For the most part, Tyan's success was built upon boards based on Intel chipsets. With the advent of the Super7 platform, they were forced to branch out and use VIA chipsets if they wanted to support Super7. Some of Tyan's early VIA based efforts were less than stellar, but the S1598 Trinity MVP3 restored our confidence in such boards.
With the launch of the "Coppermine" Pentium IIIE and its subsequent official support for the 133 MHz bus, an interesting situation arose for VIA and Intel in the chipset market. Intel's solution, the i820 was delayed by a few months do to stability issues. Throw in the fact that RAMBUS currently costs almost five times what SDRAM costs, and VIA's Apollo Pro 133A chipset begins to look very appealing. Tyan decided to go with the Apollo Pro 133A and teamed up with Micron to have one of the first 133 MHz FSB solutions in the market with the latest iteration of the Millennia Max. The motherboard in that award winning system - the Tyan S1854 Trinity 400.
New Anand Tech Report Card Rating 88/B+
|CPU Interface||Slot-1/Socket 370|
|Chipset||VIA Apollo Pro 133A
(VIA 694X / VIA 596B)
|L2 Cache||N/A (on-chip)|
/ 75 / 83 / 95
100 / 112 / 117 / 124
133 / 138 / 140 / 150
|Clock Multipliers||2.0x - 8.0x|
|Voltages Supported||Auto Detect|
|Memory Slots||3 168-pin DIMM Slots|
|Expansion Slots||0 AMR Slots
1 AGP Slot
6 PCI Slots (5 Full Length)
1 (optional) ISA Slot (1 Shared / 1 Full Length)
At first, the Trinity 400 looks like a very odd board, with both Slot-1 and Socket-370 interfaces on board. While we've seen this before in the AnandTech lab, it's usually been reserved to boards from manufacturers much smaller than Tyan. However, the Trinity 400 is loosely based on Tyan's older Trinity 371, a similar Slot-1/Socket-370 design that used either the Intel i440BX or the VIA Apollo Pro Plus chipset.
The use of two different CPU interfaces creates for an interesting layout of the PCB. You might think it would create an extremely large PCB, but in fact it doesn't, as the Trinity 400 is just a bit longer than most ATX motherboards. Everything is laid out as it should be, with the HDD, FDD, and ATX power connectors all right at the front of the board, helping to reduce cable clutter inside crowded systems.
The Slot-1 connector sits flush with the VIA 694X North Bridge, while the Socket-370 is located immediately behind the Slot-1 connector. Next to both CPU interfaces, there is the VRM 8.4 compatible voltage regulator, which features nine 1000uF capacitors in this implementation. Despite being rated to run at 133 MHz, with the option of overclocking it to 150 MHz, the 694X chip was not covered with a heatsink. Fortunately, we did not notice any heat related issues in our evaluation sample.
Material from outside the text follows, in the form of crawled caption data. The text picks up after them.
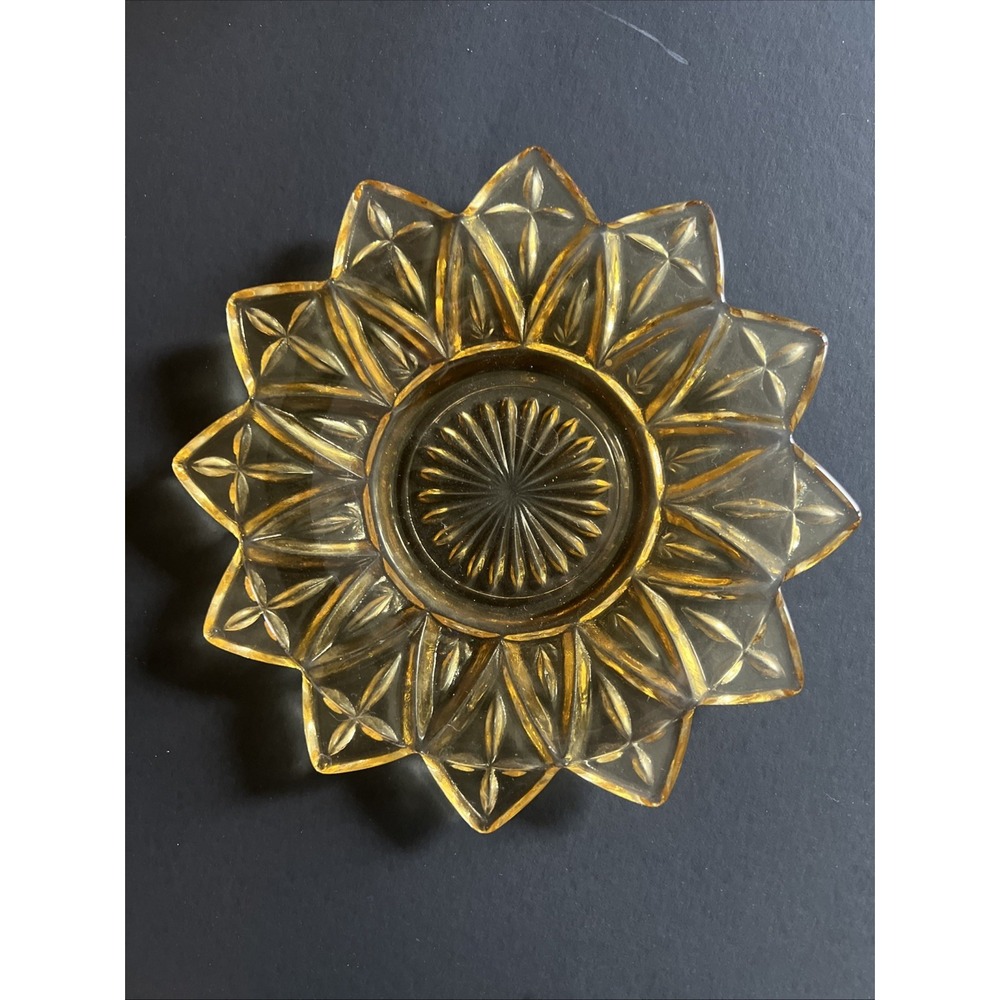 Federal Glass Yellow Starburst Petal Sunflower Serving Dish Amber Gold Plate 6"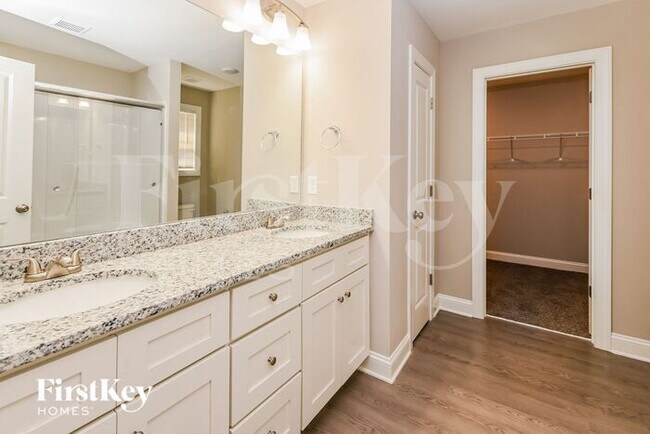 Foto del edificio - 614 Forest Ridge Rd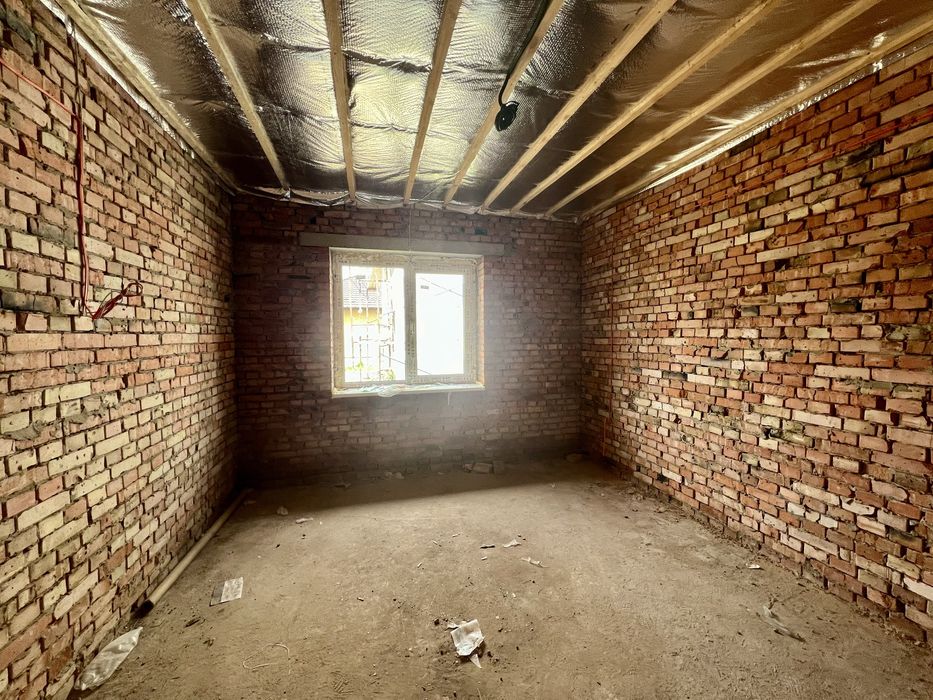 Продам будинок 100 кв.м., 4 сотки , 3 кімнати ближні Зарванц1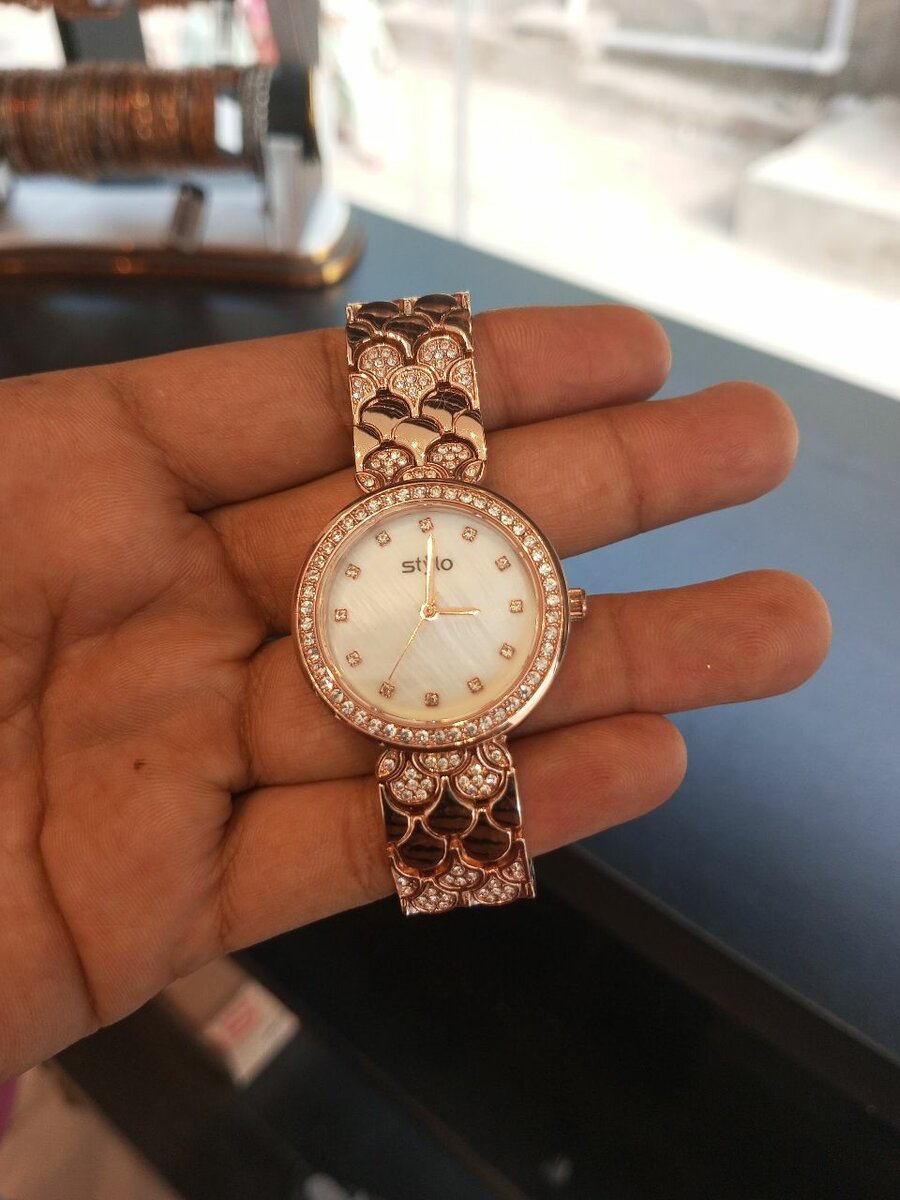 Ladies watch new Collection Shahzi Collections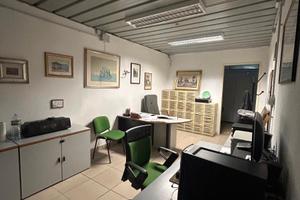 Capannone in zona industriale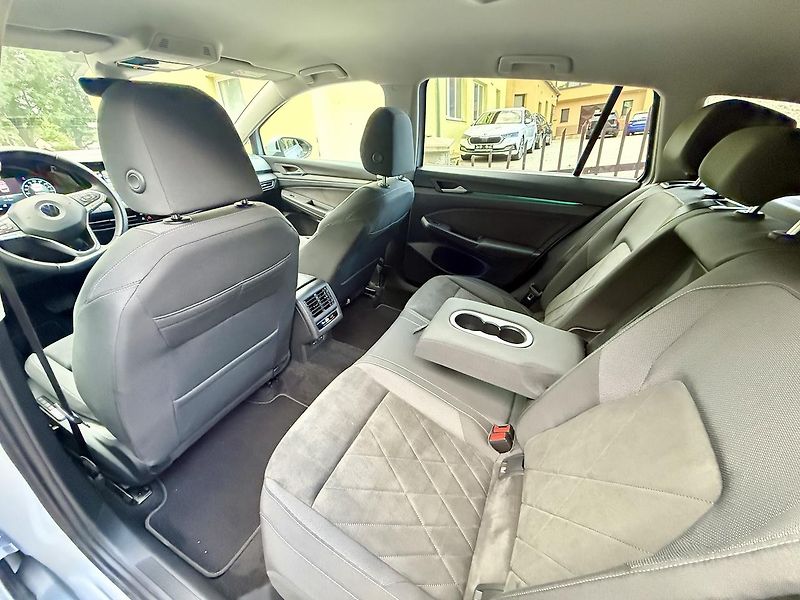 Volkswagen Golf (2022) 2,0TDi 110kW STYLE Masáž,ACC - fotka 10 z 18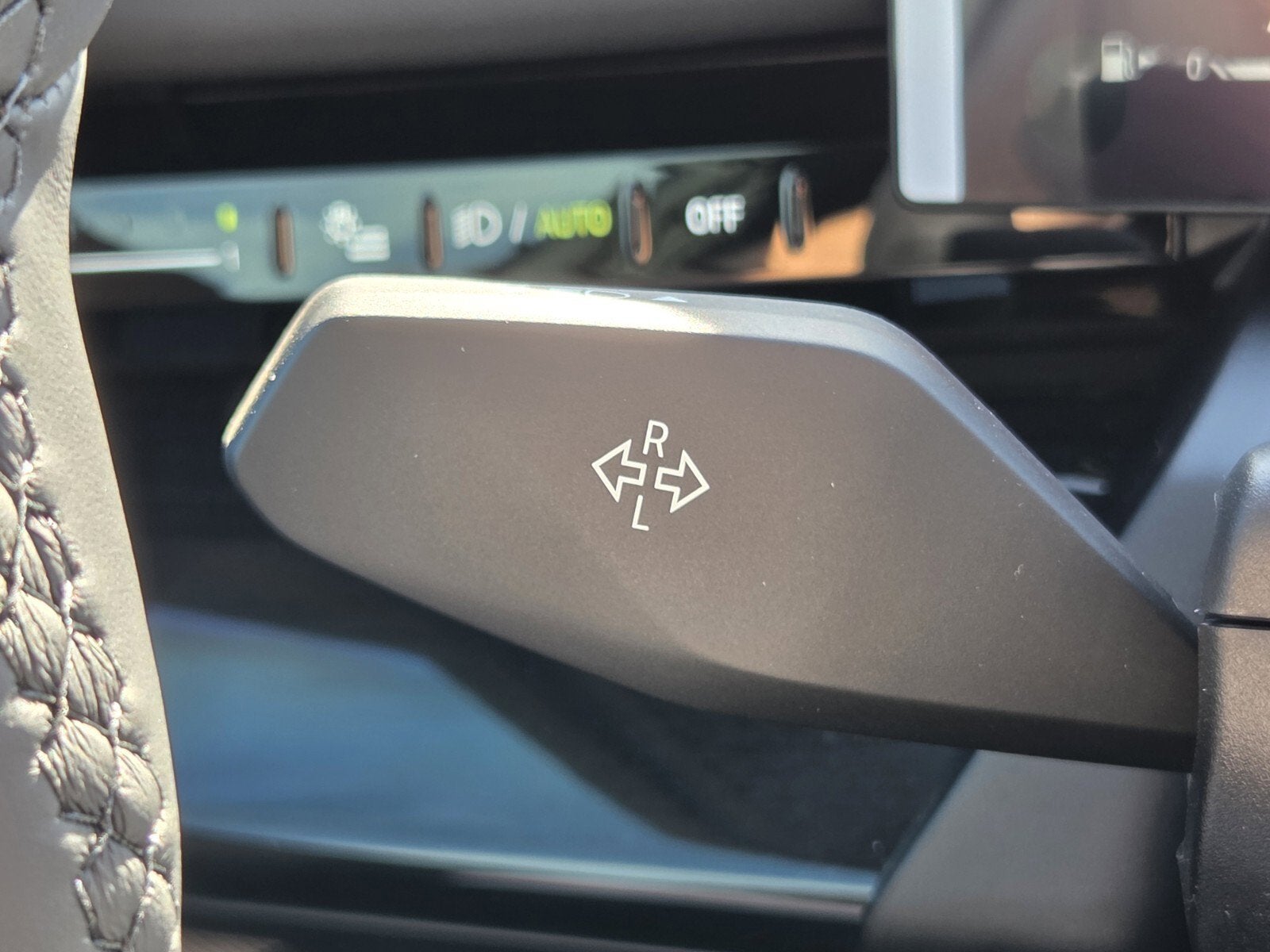 2026 BMW 5 Series 530i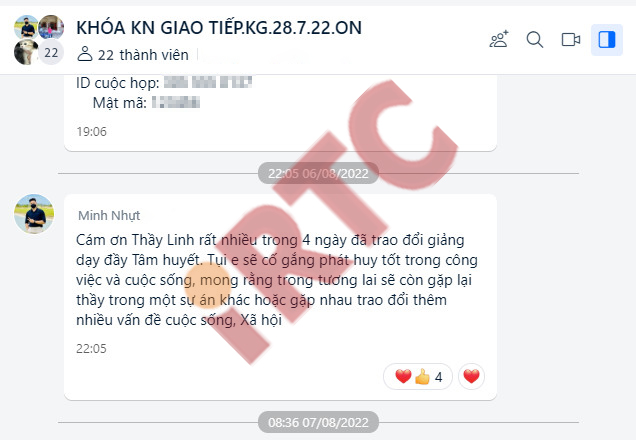 Giảng viên hướng dẫn học viên thực hành giao tiếp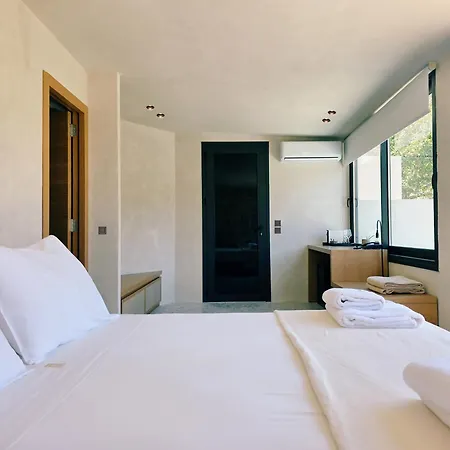 Monastery Estate Retreat 호텔 수지아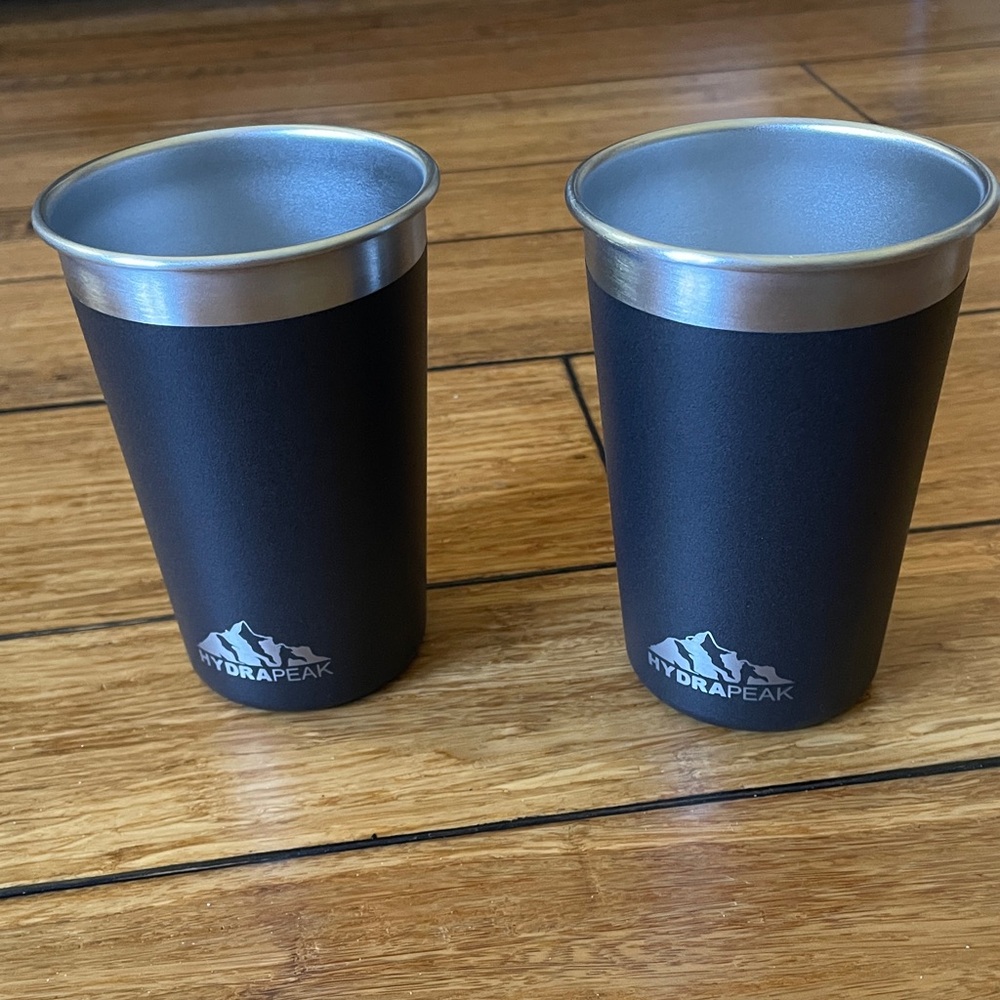 Hydrapeak set of 2 Stainless Steel Pint 16oz NWOT Black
The Trinity 400's flexibility continues with an available 6/1/1 (PCI/ISA/AGP) expansion slot configuration. The sole ISA slot is full length, however, while "only" 5 of the 6 PCI slots can boast such a feature. That single ISA slot is actually optional, reflecting the fact that ISA is definitely on its way out despite a few hold outs. Creative Labs ES1373 PCI audio is also optionally integrated on the motherboard, although this option has not been released to distributors as of yet. The Creative Labs sound is a basic PCI audio solution that offers few advanced features, such as 3D audio, but otherwise gets the job done quite well.
It's should be noted that the Trinity 400 is PCI 2.2 compliant, meaning that 3.3v standby power is required for all PCI slots, DIMM banks, and PS/2 outputs, so be sure to unplug the AC power cord before adding or removing any peripherals. This is one of those times that a physical power switch on the power supply can come in handy.